# Blue/Purple Superman(s) [Socal]



## Onoe

I recently took half of 1 Purple Superman.
MDMA/Meth.

I met a girl who took 2 Blue Superman.
Mainly Meth and who knows wtf else.

Just a warning.


----------



## EUGNX

just a warning that you might end up fucking all morning or what?


----------



## Mustang1

Curious if anyone's tested the blue supermans going around SoCal recently?


----------



## Walks

purple Supermans around SoCal are trash meth bombs.

Tested Red on my kit


----------



## Mustang1

Walks said:
			
		

> purple Supermans around SoCal are trash meth bombs.
> 
> Tested Red on my kit


Good to know on the purple ones.

Still waiting on my kit to come in so I can test the blue ones.


----------



## RavenousBlonde

Thanks for the heads up on these.


----------



## Mustang1

Got a hold of 1 pill to test.

Color of pill is light blue with a superman 'S' logo on one side, smooth on the other.

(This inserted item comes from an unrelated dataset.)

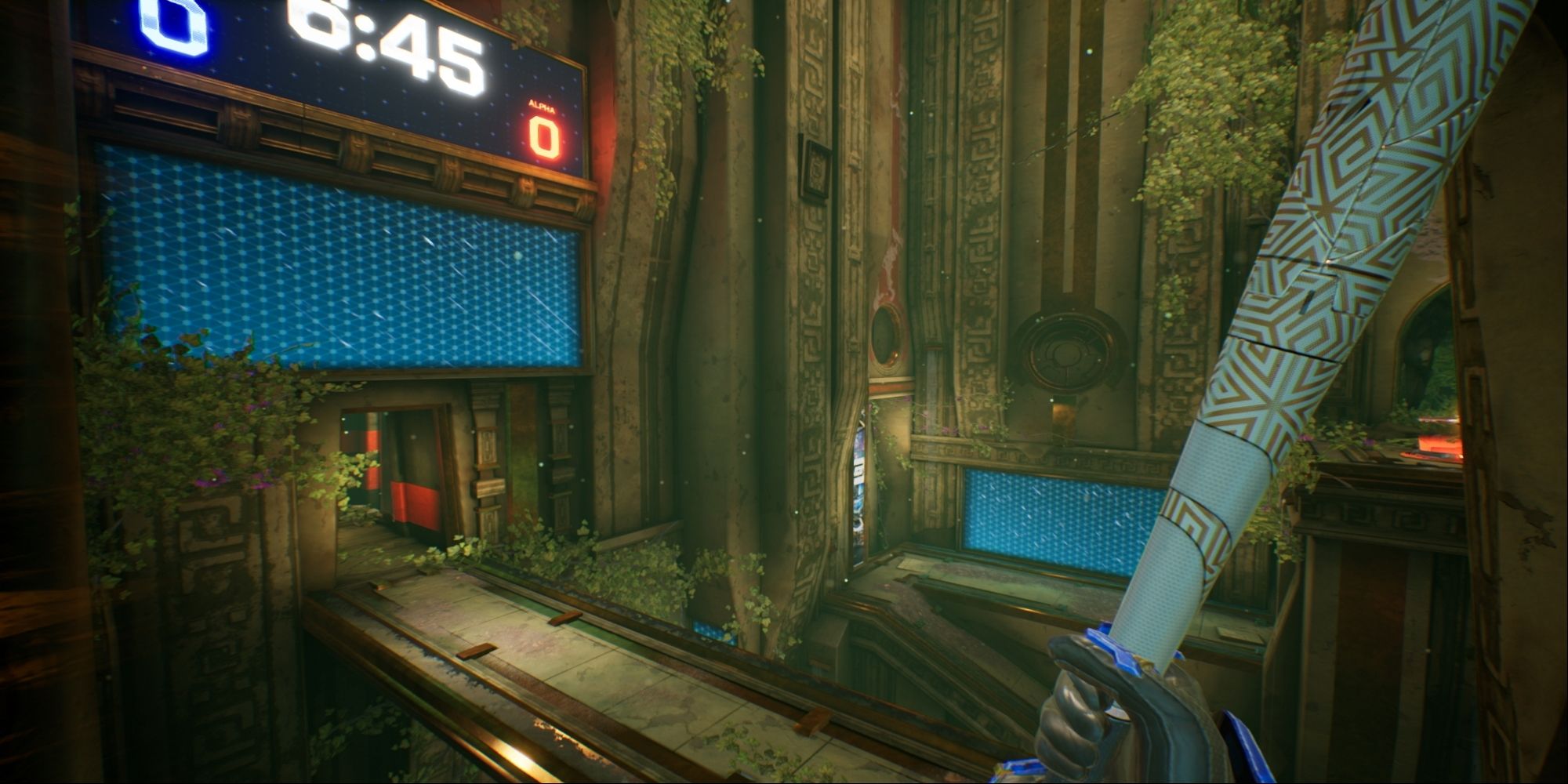 The map Abyss from the sci-fi FPS Splitgate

Pill size is small in diameter, but appears thick (like a d-stack).

Test result shows MDXX content, turning the reaction agent dark purple withing 3-4 seconds. 

This variety is currently in circulation in the 310, ymmv... test to be sure.


----------



## jtaliciaa

My husband took one of these ( Dark blue superman) a few weeks ago, wish we had seen this first, It was in fact a meth bomb, We ordered a testing kit the next week.

Tested them and nothing Happened


----------



## RavenousBlonde

jtaliciaa said:
			
		

> My husband took one of these ( Dark blue superman) a few weeks ago, wish we had seen this first, It was in fact a meth bomb, We ordered a testing kit the next week.



You will wonder how you ever lived without a kit.    Yay you!


----------



## Mustang1

Mustang1 said:
			
		

> Got a hold of 1 pill to test.
> 
> Color of pill is light blue with a superman 'S' logo on one side, smooth on the other.
> 
> Pill size is small in diameter, but appears thick (like a d-stack).
> 
> Test result shows MDXX content, turning the reaction agent dark purple withing 3-4 seconds.
> 
> This variety is currently in circulation in the 310, ymmv... test to be sure.


I took this pill over the weekend.  Total dose, 2 pills, 1 hr apart.

Come up took longer than the Orange Buddhas that I had several weeks earlier, 1 hour compared to 15-20 mins.

Once up, everything started to feel really good.   

Combined with the second pill, peak lasted around 2 hours with feelings of an 'after-roll' lasting for several hours after that.

Caffeine type substance also detected, as it gave me a slight jittery feeling during the comedown.

In comparing this Blue Superman to the Orange Buddha, the OB was a bit more intense, but the roll didn't seem to last as long. 

Overall, the comeup, roll, and comedown was very nice and easy.  Good thing I have 2 left.


----------



## Nothininmyway

just got some blue supermans the other day, but I haven't a kit to test them on.  theyre light blue with minimal white specks, and look stacked.  I won't order a test kit online because my parents will wonder what the hell it is.  they sound like they're similar to yours mustang1. anyone know where i can buy a kit over the counter in san diego?  or have a kit i could use to test it?  We'll smoke some bowls..  

I've rolled before, but a friend of mine is doing it for the first time and i want to be sure whats in them.


----------



## lamedear

*Purple wafer*

Hey,

Anyone ever heard of a purple meth wafer.  I hear they are from S CA and vicious.


----------



## FlaKmunKy

I have consumed one of these.. did nothing.


----------



## AireePotter

i dont believe there are over the counter test kits...sorry. I'm from UCSD though, but I'm gonna be going back home in LA for break soon :[


----------